◆ INSTRUCTIONS FOR THE TASK
Transcribe each entry so that nothing differs from the original.

Data excerpts:
- - - - -

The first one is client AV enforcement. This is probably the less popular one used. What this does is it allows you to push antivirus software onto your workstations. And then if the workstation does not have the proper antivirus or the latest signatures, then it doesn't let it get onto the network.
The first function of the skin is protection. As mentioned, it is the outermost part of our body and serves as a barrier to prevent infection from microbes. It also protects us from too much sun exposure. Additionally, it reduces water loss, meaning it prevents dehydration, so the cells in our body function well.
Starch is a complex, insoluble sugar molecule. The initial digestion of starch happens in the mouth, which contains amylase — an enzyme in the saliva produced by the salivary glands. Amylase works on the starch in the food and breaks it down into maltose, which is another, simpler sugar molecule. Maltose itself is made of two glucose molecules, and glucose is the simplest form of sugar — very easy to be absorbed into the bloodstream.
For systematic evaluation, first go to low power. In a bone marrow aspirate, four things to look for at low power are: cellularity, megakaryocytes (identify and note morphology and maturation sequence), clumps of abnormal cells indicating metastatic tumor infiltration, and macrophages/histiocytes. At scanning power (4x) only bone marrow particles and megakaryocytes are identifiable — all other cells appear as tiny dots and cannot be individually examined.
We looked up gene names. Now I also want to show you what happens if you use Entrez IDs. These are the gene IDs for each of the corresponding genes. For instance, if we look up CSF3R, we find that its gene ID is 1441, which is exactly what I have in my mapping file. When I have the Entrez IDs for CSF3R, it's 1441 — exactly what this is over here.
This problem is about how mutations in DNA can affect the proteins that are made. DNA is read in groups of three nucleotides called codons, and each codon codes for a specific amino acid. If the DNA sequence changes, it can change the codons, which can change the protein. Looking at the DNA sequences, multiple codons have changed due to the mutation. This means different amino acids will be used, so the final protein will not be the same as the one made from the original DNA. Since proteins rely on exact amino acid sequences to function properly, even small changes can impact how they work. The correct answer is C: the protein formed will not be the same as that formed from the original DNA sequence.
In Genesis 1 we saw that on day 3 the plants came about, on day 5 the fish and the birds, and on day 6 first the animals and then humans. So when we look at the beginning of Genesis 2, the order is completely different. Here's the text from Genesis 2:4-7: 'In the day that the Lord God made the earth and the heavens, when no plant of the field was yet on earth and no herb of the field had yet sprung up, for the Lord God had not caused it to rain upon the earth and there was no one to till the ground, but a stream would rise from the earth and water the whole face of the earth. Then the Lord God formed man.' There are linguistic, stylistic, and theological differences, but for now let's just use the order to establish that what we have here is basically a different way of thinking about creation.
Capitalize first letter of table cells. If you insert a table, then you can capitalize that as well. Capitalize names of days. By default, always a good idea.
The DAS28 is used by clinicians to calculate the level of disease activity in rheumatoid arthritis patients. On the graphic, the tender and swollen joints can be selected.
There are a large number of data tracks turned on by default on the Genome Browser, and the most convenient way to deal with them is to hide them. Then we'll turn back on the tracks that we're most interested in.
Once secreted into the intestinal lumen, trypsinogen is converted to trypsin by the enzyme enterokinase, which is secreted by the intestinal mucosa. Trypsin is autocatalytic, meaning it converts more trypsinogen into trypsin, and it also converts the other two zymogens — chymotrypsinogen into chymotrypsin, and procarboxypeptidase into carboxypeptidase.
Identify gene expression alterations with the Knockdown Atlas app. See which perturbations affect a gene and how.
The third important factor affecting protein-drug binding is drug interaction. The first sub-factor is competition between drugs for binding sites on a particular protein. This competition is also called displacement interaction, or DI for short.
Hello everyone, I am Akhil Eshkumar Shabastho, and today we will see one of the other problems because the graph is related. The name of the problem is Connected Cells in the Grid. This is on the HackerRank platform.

- - - - -

◆ EXPECTED ANSWER
The first one is client AV enforcement. This is probably the less popular one used. What this does is it allows you to push antivirus software onto your workstations. And then if the workstation does not have the proper antivirus or the latest signatures, then it doesn't let it get onto the network.
The first function of the skin is protection. As mentioned, it is the outermost part of our body and serves as a barrier to prevent infection from microbes. It also protects us from too much sun exposure. Additionally, it reduces water loss, meaning it prevents dehydration, so the cells in our body function well.
Starch is a complex, insoluble sugar molecule. The initial digestion of starch happens in the mouth, which contains amylase — an enzyme in the saliva produced by the salivary glands. Amylase works on the starch in the food and breaks it down into maltose, which is another, simpler sugar molecule. Maltose itself is made of two glucose molecules, and glucose is the simplest form of sugar — very easy to be absorbed into the bloodstream.
For systematic evaluation, first go to low power. In a bone marrow aspirate, four things to look for at low power are: cellularity, megakaryocytes (identify and note morphology and maturation sequence), clumps of abnormal cells indicating metastatic tumor infiltration, and macrophages/histiocytes. At scanning power (4x) only bone marrow particles and megakaryocytes are identifiable — all other cells appear as tiny dots and cannot be individually examined.
We looked up gene names. Now I also want to show you what happens if you use Entrez IDs. These are the gene IDs for each of the corresponding genes. For instance, if we look up CSF3R, we find that its gene ID is 1441, which is exactly what I have in my mapping file. When I have the Entrez IDs for CSF3R, it's 1441 — exactly what this is over here.
This problem is about how mutations in DNA can affect the proteins that are made. DNA is read in groups of three nucleotides called codons, and each codon codes for a specific amino acid. If the DNA sequence changes, it can change the codons, which can change the protein. Looking at the DNA sequences, multiple codons have changed due to the mutation. This means different amino acids will be used, so the final protein will not be the same as the one made from the original DNA. Since proteins rely on exact amino acid sequences to function properly, even small changes can impact how they work. The correct answer is C: the protein formed will not be the same as that formed from the original DNA sequence.
In Genesis 1 we saw that on day 3 the plants came about, on day 5 the fish and the birds, and on day 6 first the animals and then humans. So when we look at the beginning of Genesis 2, the order is completely different. Here's the text from Genesis 2:4-7: 'In the day that the Lord God made the earth and the heavens, when no plant of the field was yet on earth and no herb of the field had yet sprung up, for the Lord God had not caused it to rain upon the earth and there was no one to till the ground, but a stream would rise from the earth and water the whole face of the earth. Then the Lord God formed man.' There are linguistic, stylistic, and theological differences, but for now let's just use the order to establish that what we have here is basically a different way of thinking about creation.
Capitalize first letter of table cells. If you insert a table, then you can capitalize that as well. Capitalize names of days. By default, always a good idea.
The DAS28 is used by clinicians to calculate the level of disease activity in rheumatoid arthritis patients. On the graphic, the tender and swollen joints can be selected.
There are a large number of data tracks turned on by default on the Genome Browser, and the most convenient way to deal with them is to hide them. Then we'll turn back on the tracks that we're most interested in.
Once secreted into the intestinal lumen, trypsinogen is converted to trypsin by the enzyme enterokinase, which is secreted by the intestinal mucosa. Trypsin is autocatalytic, meaning it converts more trypsinogen into trypsin, and it also converts the other two zymogens — chymotrypsinogen into chymotrypsin, and procarboxypeptidase into carboxypeptidase.
Identify gene expression alterations with the Knockdown Atlas app. See which perturbations affect a gene and how.
The third important factor affecting protein-drug binding is drug interaction. The first sub-factor is competition between drugs for binding sites on a particular protein. This competition is also called displacement interaction, or DI for short.
Hello everyone, I am Akhil Eshkumar Shabastho, and today we will see one of the other problems because the graph is related. The name of the problem is Connected Cells in the Grid. This is on the HackerRank platform.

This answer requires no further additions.